Trans-local habitus : high school students mediation of their educational success at a Focus School
Thesis (DEd)--Stellenbosch University, 2016
ENGLISH ABSTRACT : Against the backdrop of school reform in South Africa, this dissertation analyses the practices of selected mobile students who accomplished their education ‘on the move’ between their working-class domestic environment and the dissonant terrain of the Focus School situated in a middle-class suburb. This study describes the navigational practices of the four students in their establishment of a successful educational path. Drawing on Bourdieu’s concepts of practice, habitus and field, augmented by Urry’s theory of mobility, this dissertation discusses the shifts and changes that the four students made as they moved between their domestic environments and the Focus School in order to access quality schooling. This study is based on qualitative data from in-depth, semi-structured interviews which are used to illustrate the navigation practices of the four students as they develop successful educational subjectivities – a trans-local habitus –as they move from their domestic locations to the new terrain of the Focus School. The study uses the analytical lens of trans-locality to explore how the four students shifted and adapted their educational subjectivities, developed social competency and established subjectivities that enabled them to become successful students at the Focus School.
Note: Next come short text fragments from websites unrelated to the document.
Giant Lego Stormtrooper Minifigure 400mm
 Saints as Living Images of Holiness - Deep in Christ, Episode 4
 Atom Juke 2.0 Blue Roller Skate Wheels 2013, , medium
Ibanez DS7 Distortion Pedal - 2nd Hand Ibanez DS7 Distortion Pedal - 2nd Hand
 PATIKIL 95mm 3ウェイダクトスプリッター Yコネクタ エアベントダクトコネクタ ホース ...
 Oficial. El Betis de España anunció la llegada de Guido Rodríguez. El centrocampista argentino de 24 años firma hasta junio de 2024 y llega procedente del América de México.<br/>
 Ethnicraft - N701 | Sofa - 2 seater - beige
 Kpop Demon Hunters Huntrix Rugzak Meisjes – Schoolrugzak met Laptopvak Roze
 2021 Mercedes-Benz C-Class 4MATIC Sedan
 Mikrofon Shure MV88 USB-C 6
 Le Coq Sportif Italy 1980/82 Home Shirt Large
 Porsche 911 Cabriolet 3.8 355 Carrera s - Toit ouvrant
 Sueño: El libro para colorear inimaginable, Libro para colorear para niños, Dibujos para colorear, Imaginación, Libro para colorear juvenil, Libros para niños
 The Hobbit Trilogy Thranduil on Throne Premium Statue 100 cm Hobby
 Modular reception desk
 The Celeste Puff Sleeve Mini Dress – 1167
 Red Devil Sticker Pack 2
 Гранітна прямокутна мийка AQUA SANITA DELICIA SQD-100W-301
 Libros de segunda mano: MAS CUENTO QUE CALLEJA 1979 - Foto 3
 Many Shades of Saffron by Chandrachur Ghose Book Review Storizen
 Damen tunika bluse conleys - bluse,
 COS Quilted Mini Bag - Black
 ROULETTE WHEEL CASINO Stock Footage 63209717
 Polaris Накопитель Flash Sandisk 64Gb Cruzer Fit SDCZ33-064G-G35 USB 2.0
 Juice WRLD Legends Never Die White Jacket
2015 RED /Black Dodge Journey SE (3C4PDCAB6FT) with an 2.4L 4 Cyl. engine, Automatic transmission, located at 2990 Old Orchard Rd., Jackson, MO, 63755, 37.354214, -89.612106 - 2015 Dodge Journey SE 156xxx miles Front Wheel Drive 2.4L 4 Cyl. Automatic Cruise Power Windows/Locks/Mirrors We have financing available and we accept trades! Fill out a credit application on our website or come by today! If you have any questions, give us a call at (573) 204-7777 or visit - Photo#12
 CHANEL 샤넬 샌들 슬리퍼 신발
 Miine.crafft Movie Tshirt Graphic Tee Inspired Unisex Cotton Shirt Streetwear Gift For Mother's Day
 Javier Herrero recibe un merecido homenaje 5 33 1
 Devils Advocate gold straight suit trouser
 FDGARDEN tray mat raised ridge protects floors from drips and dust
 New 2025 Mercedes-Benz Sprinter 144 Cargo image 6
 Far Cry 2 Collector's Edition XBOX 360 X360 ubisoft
I argue that it is possible for historically disadvantaged, rural and township students to adapt to and meet the academic and behavioural standards of a new school context in the middle-class environment, and that they do this by establishing a trans-local habitus. Acquiring a trans-local habitus enables them to successfully shift and adapt their subjectivity ‘on the move’ across different contexts. A successful trans-local habitus is thus one that allows the individual, via their navigation across different field contexts, to successfully change or adapt their dispositions to the rules and regularities of the new field context. This study illustrates, therefore, the navigational bases upon which the four students transact their school-going experiences, in effect shifting their ‘habitus on the move’, as they figure out ways of achieving school success.